The ICONA study (ICOsabutate in NASH) aims to randomise 264 patients to one of three different treatment groups; placebo, icosabutate 300mg and icosabutate 600mg with a treatment period of 52 weeks. The study’s primary endpoint is the resolution of NASH without worsening of fibrosis, based on changes in liver biopsy parameters from baseline to 52 weeks. Full details are available on Clinicaltrials.gov - NCT04052516. The study is expected to run until 2H 2021. An interim analysis of secondary endpoints from the first 90 patients treated for 16 weeks is planned for mid 2020 and will include safety and selected efficacy parameters. The ICONA study is being conducted at approximately 30 sites in the USA.

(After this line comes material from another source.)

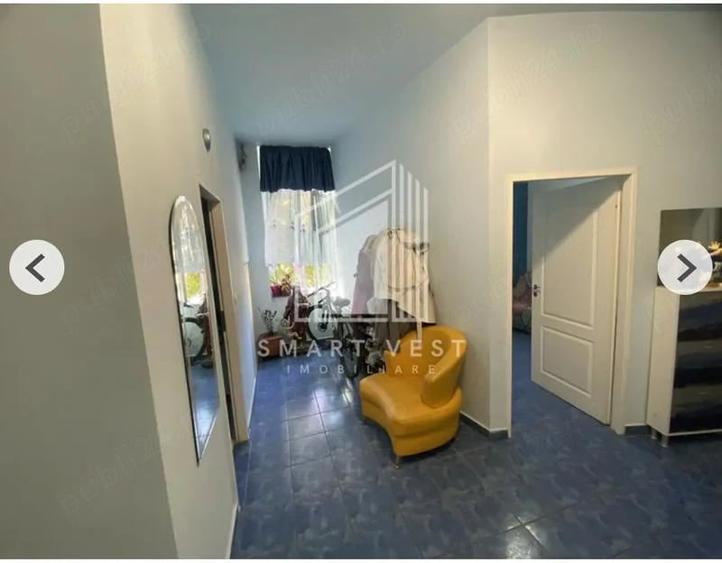 Apartament Satu Mare, central, 50 mp in CF, et.1 + extindere in pod nou, incalzire pardosea+trifazic - 4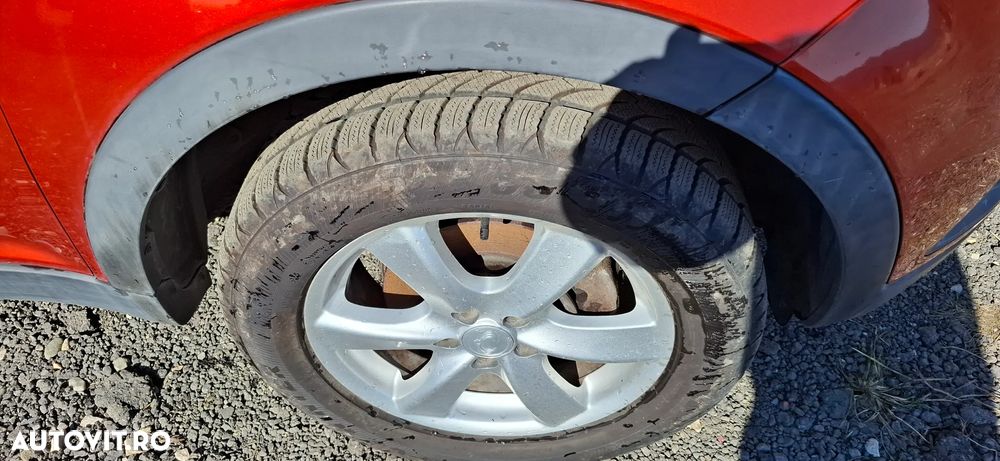 SsangYong Korando 2.0 E-XDI DPF 2WD Crystal - 13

Icosabutate, NST’s lead product, is a structurally designed fatty acid that regulates pivotal pathways involved in hepatic lipids, inflammation and fibrosis.  

Rob de Ree, NST’s CEO, commented: “Dosing the first patient is a pivotal milestone for the Company in our endeavour to develop a novel strategy for the treatment of NASH. I am very pleased with our productive collaboration with Dr. Stephen Harrison, MD in executing our clinical development plan for icosabutate”.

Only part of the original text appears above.